- The problem
After finding the line with "Ariya Jeans Blue" in the entries below, retype exactly each line from there through the line with "Self-Portrait Crystal Trim", including that final line.

===== Data to examine =====

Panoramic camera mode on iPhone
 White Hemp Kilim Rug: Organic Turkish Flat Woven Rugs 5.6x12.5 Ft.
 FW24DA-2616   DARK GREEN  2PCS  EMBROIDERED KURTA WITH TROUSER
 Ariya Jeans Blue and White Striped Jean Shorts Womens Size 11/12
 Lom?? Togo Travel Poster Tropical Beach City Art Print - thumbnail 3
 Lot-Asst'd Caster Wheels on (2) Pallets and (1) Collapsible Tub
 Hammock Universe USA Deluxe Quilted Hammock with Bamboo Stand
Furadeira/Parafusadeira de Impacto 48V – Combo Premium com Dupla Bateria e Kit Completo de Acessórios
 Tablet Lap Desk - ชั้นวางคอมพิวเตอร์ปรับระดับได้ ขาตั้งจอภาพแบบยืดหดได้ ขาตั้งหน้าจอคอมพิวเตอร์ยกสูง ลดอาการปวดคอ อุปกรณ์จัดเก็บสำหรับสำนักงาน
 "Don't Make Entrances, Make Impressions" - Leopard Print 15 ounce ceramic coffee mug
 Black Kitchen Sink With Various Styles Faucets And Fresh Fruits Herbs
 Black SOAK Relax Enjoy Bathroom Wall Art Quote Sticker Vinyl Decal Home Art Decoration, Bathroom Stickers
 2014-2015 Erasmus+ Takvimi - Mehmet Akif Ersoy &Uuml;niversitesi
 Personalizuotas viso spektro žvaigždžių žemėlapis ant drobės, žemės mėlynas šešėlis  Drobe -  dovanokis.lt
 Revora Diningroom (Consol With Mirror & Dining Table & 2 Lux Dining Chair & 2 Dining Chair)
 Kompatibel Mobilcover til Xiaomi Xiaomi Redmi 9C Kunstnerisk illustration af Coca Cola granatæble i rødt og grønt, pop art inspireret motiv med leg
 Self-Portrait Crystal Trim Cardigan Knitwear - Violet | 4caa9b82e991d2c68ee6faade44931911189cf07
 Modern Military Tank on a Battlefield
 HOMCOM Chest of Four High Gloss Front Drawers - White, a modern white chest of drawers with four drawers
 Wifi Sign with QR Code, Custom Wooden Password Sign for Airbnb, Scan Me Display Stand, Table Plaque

=====

- Finished task
 Ariya Jeans Blue and White Striped Jean Shorts Womens Size 11/12
 Lom?? Togo Travel Poster Tropical Beach City Art Print - thumbnail 3
 Lot-Asst'd Caster Wheels on (2) Pallets and (1) Collapsible Tub
 Hammock Universe USA Deluxe Quilted Hammock with Bamboo Stand
Furadeira/Parafusadeira de Impacto 48V – Combo Premium com Dupla Bateria e Kit Completo de Acessórios
 Tablet Lap Desk - ชั้นวางคอมพิวเตอร์ปรับระดับได้ ขาตั้งจอภาพแบบยืดหดได้ ขาตั้งหน้าจอคอมพิวเตอร์ยกสูง ลดอาการปวดคอ อุปกรณ์จัดเก็บสำหรับสำนักงาน
 "Don't Make Entrances, Make Impressions" - Leopard Print 15 ounce ceramic coffee mug
 Black Kitchen Sink With Various Styles Faucets And Fresh Fruits Herbs
 Black SOAK Relax Enjoy Bathroom Wall Art Quote Sticker Vinyl Decal Home Art Decoration, Bathroom Stickers
 2014-2015 Erasmus+ Takvimi - Mehmet Akif Ersoy &Uuml;niversitesi
 Personalizuotas viso spektro žvaigždžių žemėlapis ant drobės, žemės mėlynas šešėlis  Drobe -  dovanokis.lt
 Revora Diningroom (Consol With Mirror & Dining Table & 2 Lux Dining Chair & 2 Dining Chair)
 Kompatibel Mobilcover til Xiaomi Xiaomi Redmi 9C Kunstnerisk illustration af Coca Cola granatæble i rødt og grønt, pop art inspireret motiv med leg
 Self-Portrait Crystal Trim Cardigan Knitwear - Violet | 4caa9b82e991d2c68ee6faade44931911189cf07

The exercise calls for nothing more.